Each map also contains a room where you can buy items from a merchant known as Greed. Greed accepts blood as payments for his wares, which is most commonly obtained after defeating enemies. His items range from health restoration to weapon upgrades. Also scattered in each level is a pillar that bestows one of three stat upgrades of your choosing. Both of these stay with you until you lose a life.
Combat and controls are where Scourgebringer truly shines. You are armed with a blade and a gun. Along with this, you have a move called a “smash,” which can stun any enemy leaving them vulnerable for attacks. Stunning can be a tricky maneuver to pull off. It’s only useful when the enemy has an exclamation mark above their head.
Not only does this mean they can be stunned, but it also signals they are about to attack. Because of this, if you’re like me, you will often find yourself misjudging the amount of time allowed to stun an enemy and end up taking damage. It’s a system that rewards your risk and precision. You can do damage without stunning but timed right; the stun works to your advantage.

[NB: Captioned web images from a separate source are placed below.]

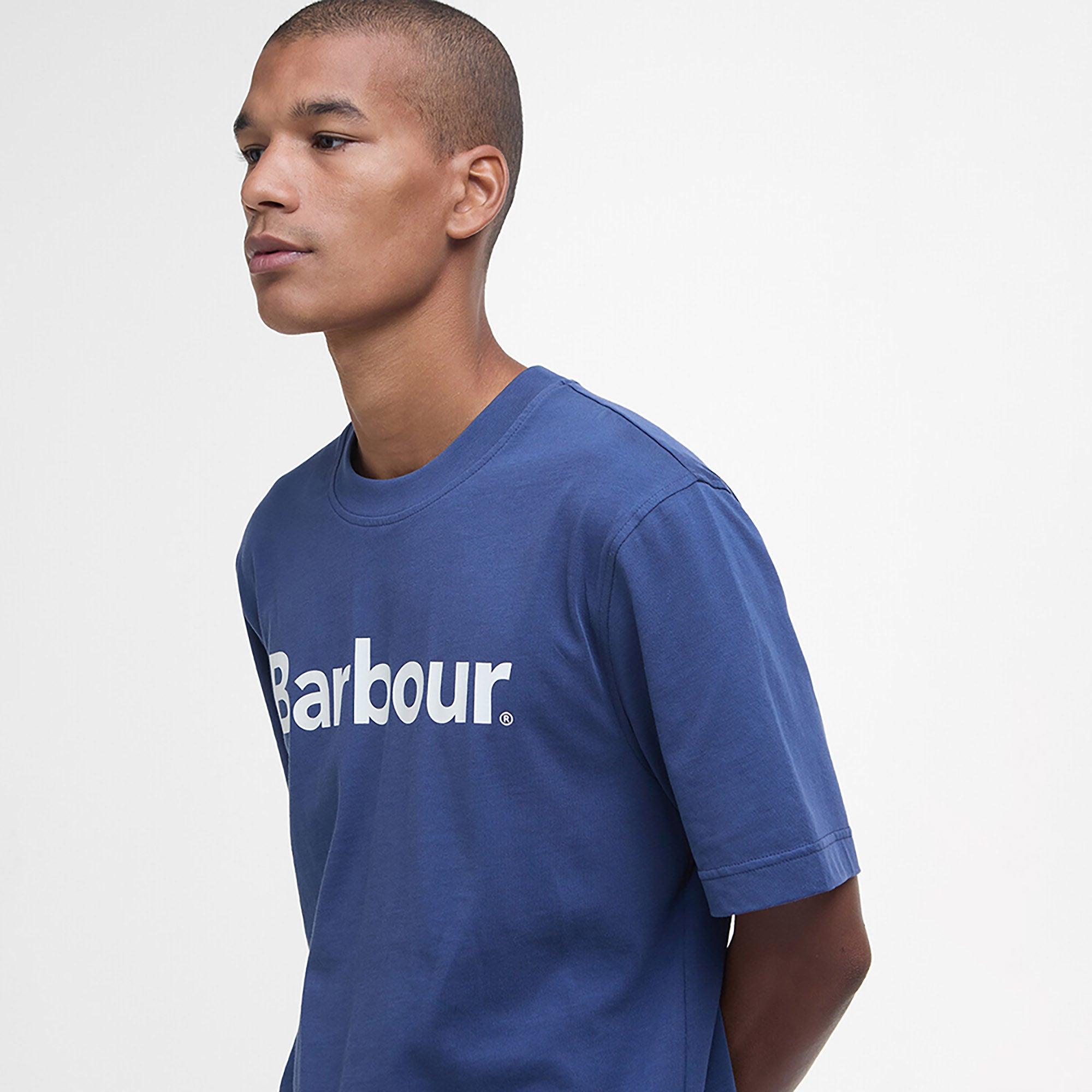 Product image 6 of 6 of Barbour Men's Logo Relaxed Fit T-Shirt - Oceana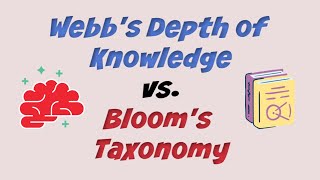 Blooms Taxonomy vs Webbs Depth of Knowledge [upl. by Yance]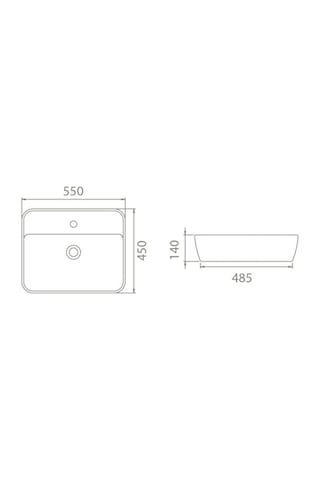 Cerastyle One Lavabo 55x45 Cm Batarya Delikli A
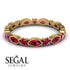 Marquise Ruby Eternity Band - Cecilia No. 55 image 2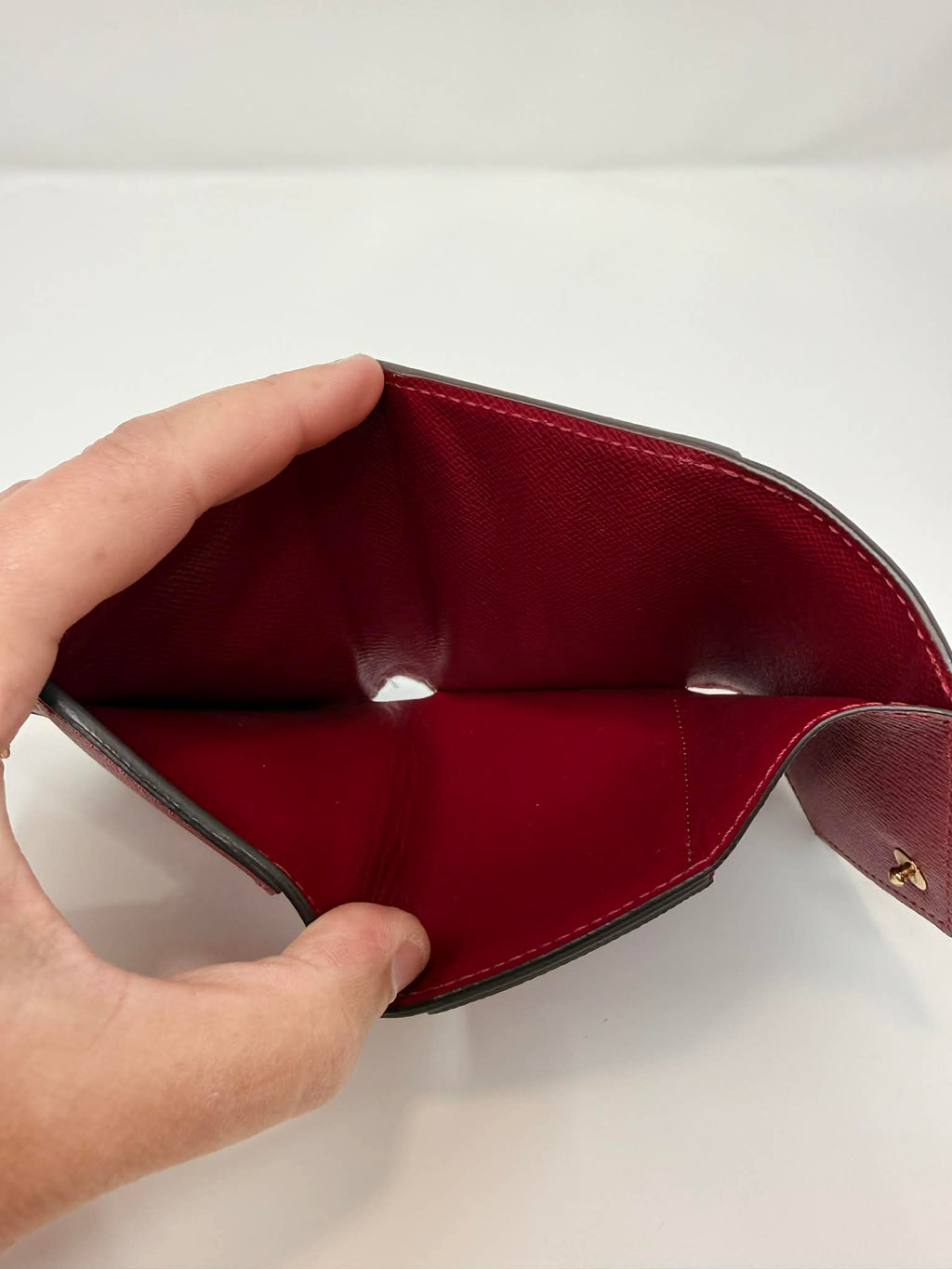 Louis Vuitton Monogram & Burgandy Zoe Wallet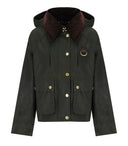 Barbour Reighton Wax Green Chaqueta con capucha verde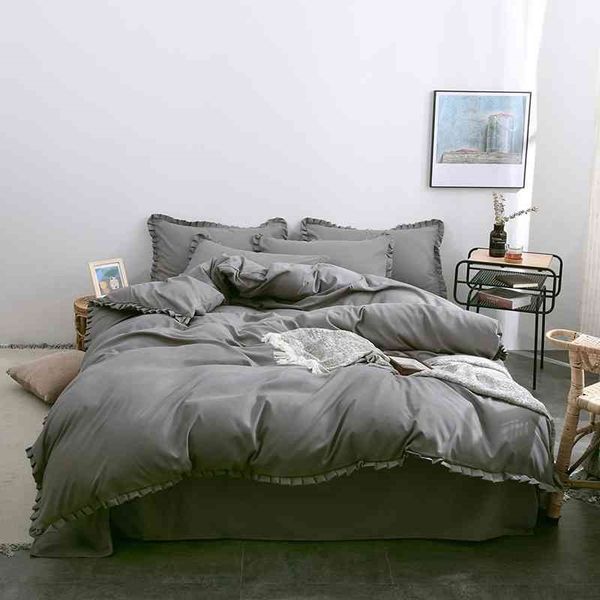 exquisite ruffled duvet cover bed sheet micorfiber lightweight soft solid color 3/4pcs twin king size bedding set
exquisite ruffled duvet cover bed sheet micorfiber lightweight soft solid color 3/4pcs twin king size bedding set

Interestingly, Scourgringer’s physics and play style almost felt like a shooter to me. You can delay your descent with blade slashes and easily move aerially about the screen with double jumps, wall leaps, and air dashes. It takes a bit to get used to, but I found myself always surprised how much flexibility there was to my movement and how little I actually made contact with the ground. It’s a super enjoyable experience and, at times, can make you feel absolutely cool.
As fluid and fantastic as this movement is, I never felt overpowered. Just because you can move speedily doesn’t mean you’re invulnerable, and it is exceptionally easy to get hit with health regeneration being rare. I frequently found myself taking damage as hordes of enemies ganged up on me. These moments are frantic and, at times, totally overwhelming.
Although you do get used to enemy attack patterns, you are still required to be aware of multiple things going on at once, and one mistake can have dire consequences for your whole run. I would even lose my character’s placement a couple of times with so many enemies on screen at one time. The sheer number of smaller enemies actually proved more difficult to me than bosses.
While challenging in their own way, bosses usually have moves that are easier to predict and avoid. That being said, it did take me several tries until I recognized each boss’s attack patterns. It helps that they are typically just one target to focus on. Still, bosses are pretty fun to combat and a welcomed change from the swarms of enemies found elsewhere.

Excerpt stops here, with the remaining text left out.